The framework of the multi-objective-analysis model

In the multi-objective model proposed in this paper, the main research subjects are fuel vehicles (\({N}_{1}\)), pure electric vehicles (\({N}_{2}\)), and plug-in hybrid vehicles (\({N}_{3}\)). Additionally, the air pollutants are selected as PM₁₀, SO₂, NO_X, and CO₂. This paper mainly studies the proportion of different types of vehicles, so make reasonable assumptions about the relevant basic situation of the vehicles industry:

Assumption 1

The charging of new energy vehicles will be supplied at full load, and there will be no power outage. Only the cost of electricity will be considered during the use of new energy vehicles, and not the cost of lack of electricity.

Assumption 2

The amount of new energy compared to the amount in the policy introduced by the government can be exceeded, but there should be no shortage phenomenon as much as possible.

Assumption 3

Under the energy internet, the supply ratio of thermal power, wind power, hydropower, photovoltaic, biomass power generation and other power generation types will remain unchanged, and all electricity for urban cars will be produced locally.

Assumption 4

The purchase cost and end-of-life cost of the car are fixed values, and the usage cost is fuzzy value, which is calculated in the model by using its mean value.

Assumption 5

The costs related to charging piles are all fixed values, and only the number of expansions of charging piles is considered.

3 Notations

To establish a mathematical model for the considered problem, decision variables used in the proposed model are provided in Table 1.

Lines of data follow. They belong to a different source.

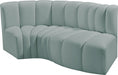 Arc Faux Leather 3pc. Sectional Mint - 101Mint-S3D - Vega Furniture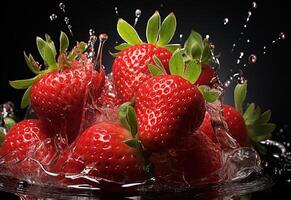 Ai Generative photo of strawberries in water splash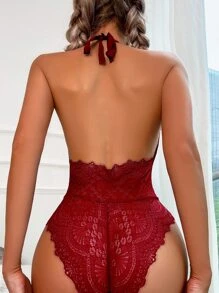 Floral Lace Plunge Teddy Bodysuit - Burgundy - View 2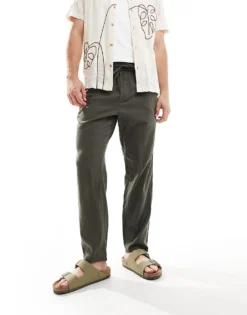 ONLY & SONS Linen Mix Tapered Fit Trousers In Dark Khaki For Men Kambaba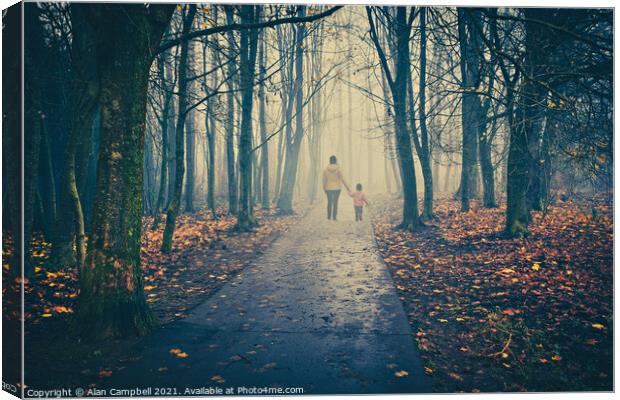 The Misty Woodland Walk Canvas Print by Alan Campbell
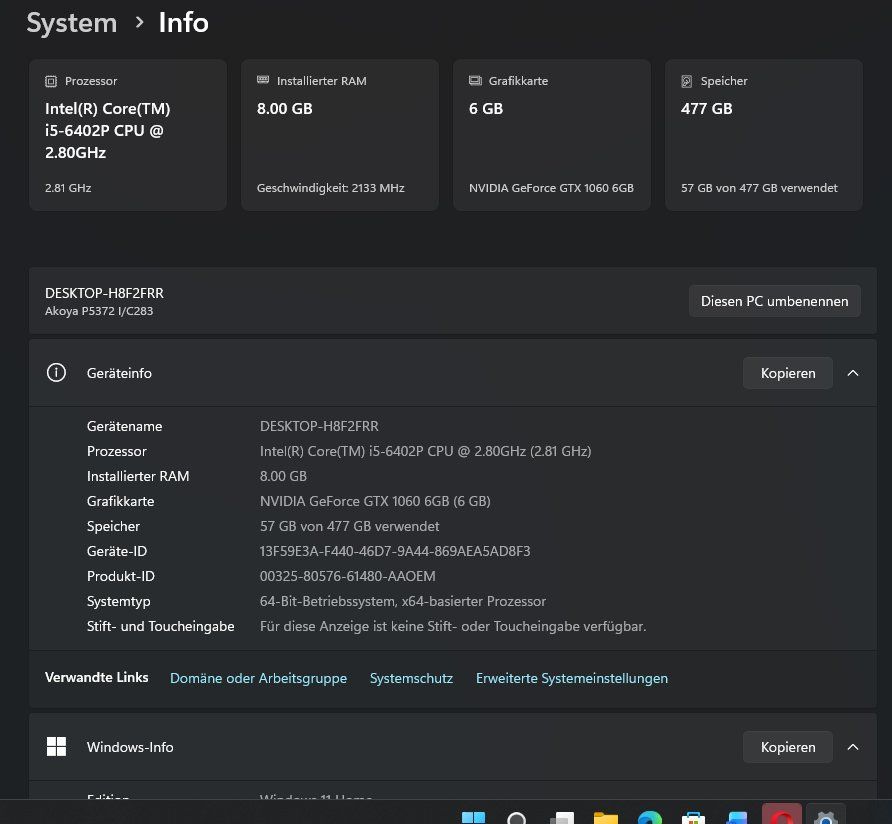 PC: PC mit Windows 11 Intel Core i5 6402P+NVIDA Geforce GTX 1060 – Usato da Olten venduto da pfk_t2x2 3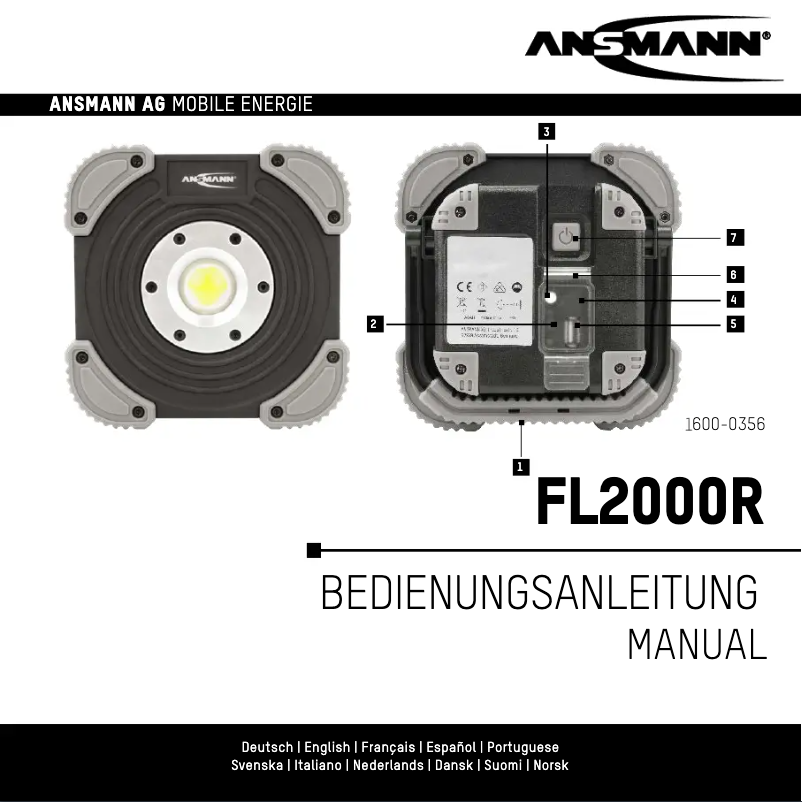 Page 1 de la notice Manuel utilisateur Ansmann FL2000R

Table 1 Model variable description

3.1 Mathematical model

Based on the above analysis, the multi-objective optimization model is constructed as follows:

1. (1)

   Minimal atmospheric pollution emissions

   $$\mathrm{min}{f}_{1}\left({N}_{i}\right)=\sum_{j=1}^{n}\sum_{i=1}^{m}{a}_{ij}{N}_{i}+{\sum }_{j=1}^{n}{\sum }_{i=1}^{m}{e}_{ij}\left({N}_{i}{p}_{i}\times 365\times q\right)\times {10}^{-6}$$

   (1)
2. (2)

   Minimal cost

   $$\mathrm{min}{f}_{2}\left({N}_{i}\right)=\sum_{i=1}^{m}\left({b}_{i}+{\widetilde{d}}_{i}\right)*{N}_{i}+c\times \left({\sum }_{i=2}^{m}{N}_{i}-num\right)$$

   (2)

Among them, emission factors are used as indicators that best reflect the emission levels of motor vehicle pollutants. In 2000, a new round of motor vehicle emission standards was introduced in China (equivalent to Euro I), which basically adopted the European system (Cai & Xie, 2010). For the study of this system, the most widely used is the COPERT model to measure the motor vehicle emission factors, so this paper is also based on the data of this model to determine the emission factors of various motor vehicles. The average speed is used as a parameter in the model to measure the total pollutant emissions with the following equations (Xie et al., 2006).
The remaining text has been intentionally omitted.